Black n’ Red recycled hard cover notebook

My previous Red n’ Black purchase, the recycled notebook is really nice. Unlike the US version reviewed at Office Supply Geek it features British and European maps and information. I only paid £ 3.50 in my university’s library, but the price is probably either subsidised or they do not earn any money from this notebook as I have never seen anywhere else for a similar price. I have used this notebook for several months, but have only used pencils in this notebook, so I cannot comment on the suitability of the paper for fountain pens. It does however feel like good quality paper. I did contact Hamelin / Oxford brands with some questions about the paper, probably about a year ago, but unfortunately I never received a reply.

Back to the polynote

There seems to be a ruled version, too, but I bought the plain version. It contains 192 pages of 90 g/m² Optik Paper. The polypropylene cover seems durable and robust and can be wiped easily if dirty. The polynote does also contain a page with reference information, similar to the one found in the recycled notebook, but this time restricted to metric / imperial conversion tables. There is no danger that pages would fall out by mistake, but they can be removed easily if you wish to do so. The paper has a high quality feel to it and is more opaque than other 90 g/m² paper I have used in the past.
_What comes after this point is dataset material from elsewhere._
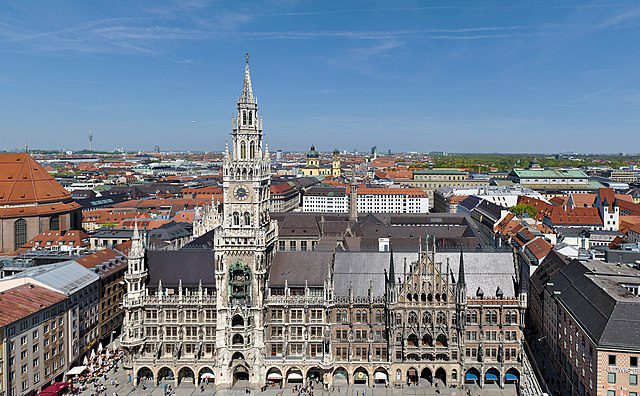 Das Neue Rathaus in München (the New City Hall of Munich) Wikimedia Commons public domain photograph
As you can see in the first photo I tried a pencil and two fountain pen inks on the paper.Erasing the graphite works well. The paper feels extremely smooth when erasing, but seems to retain more of a dent where the graphite was than other paper. This means you can see or guess the writing because of the slight indentation. Both inks worked well on the paper and did not bleed through the page.

Bach’s Purpur-Tinte

I bought the ink used with the TWSBI Diamond 530 at Eberbach Abbey, where some scenes of the film “The Name of the Rose” were filmed. This ink is from a small ink manufacturer called “Bach’s Tinten” (Bach’s inks). I have an iron gall ink from the same manufacturer, which is absolutely fantastic when used with a dip pen. Unfortunately, I was not able to find out more about the manufacturer of this ink. All I know is that it seems to be sold in some German museums and other tourist attractions. If you know more about this ink, please let me know.

TWSBI Diamond 530

I used Bach’s Purpur (purple) ink in my brand new TWSBI Diamond 530, which I bought from The Writing Desk for £36.79 (~$59.35; €41.75). TWSBI, originally an OEM manufacturer, make mechanical pencils, too. You can read more about their history and the meaning of their name at Okami Whatever. I first thought about buying this pen from the TWSBI ebay store, where it is slightly cheaper than in the UK, but the price is just above the threshold for VAT and customs (and therefore handling) charges, so buying it from The Writing Desk was the better option. The pen is quite big and made for fountain pen geeks: it is a demonstrator that can be disassembled and even comes with sililcon grease and the wrench needed for disassembly. As far as I know it is using a Schmidt nib, but a limited edition pen with a Bock nib will be released if there are enough orders. The pen is great and offers fantastic value for money. When it comes to fountain pens I am a fan of Pelikan, a Malaysian owned writing instrument manufacturer headquartered in Switzerland with manufacturing facilities on several continents, so – naturally – I compare the diamond 530 with Pelikan fountain pens and I have to say that the Diamond 530 is very big in comparison – much bigger than, for example, a Pelikan Souverän M600.  I do own a few fountain pens from manufacturers other than Pelikan and quality-wise the TWSBI is certainly one of the better ones, especially for this price.

Noodler’s Baystate Blue

Noodler’s, from Massachusetts, “the smallest ink company in the world with the largest color selection” is, without a shadow of a doubt, my favourite ink company. I do like inks from other companies too, but Noodler’s is my overall favourite. Baystate Blue is a very unusual ink, unusual in its rebellious colour and the high, i.e. alkaline, pH value. You can read more about it on Noodler’s web site. The first time I saw this intense ink on paper it reminded me of a pen I got in the late 1970s / early 1980s. At that time Pepsi ran a big marketing campaign worldwide – and in Germany, too: “Mach den Pepsi Test” (Take the Pepsi Challenge)1. Afterwards you got a “I took the Pepsi Challenge” pen. As far as I remember it was a Staedtler pen and looked like a Lumocolor with a yellow body and with a Pepsi logo and reference to the Pepsi test printed on it. As far as I remember it  had a colour very close to Noodler’s Baystate Blue …and I completely forgot about this pen until Baystate Blue reminded me of this pen and this unusual colour. It’s not really my favourite colour, maybe because it is a bit too unconventional, but it might actually look quite good with a fine nib. I will try that out after I used up the Baystate Blue in my Pelikano junior.

Conclusion

The Black n’ Red polynote is a great little reporter notebook. I think I might carry one with me in the future. There is a plain and a ruled version, both probably ref. number M67072. The robust covers makes it a notebook you can carry around with you all the time and the current half price offer is really good, but even if you pay the full price it offers good value for money and nice smooth and unusually soft (maybe even a bit too soft) paper.

 


Prices and exchange rates: March 2011

You can find a review of Noodler’s Baystate Blue at Without ink.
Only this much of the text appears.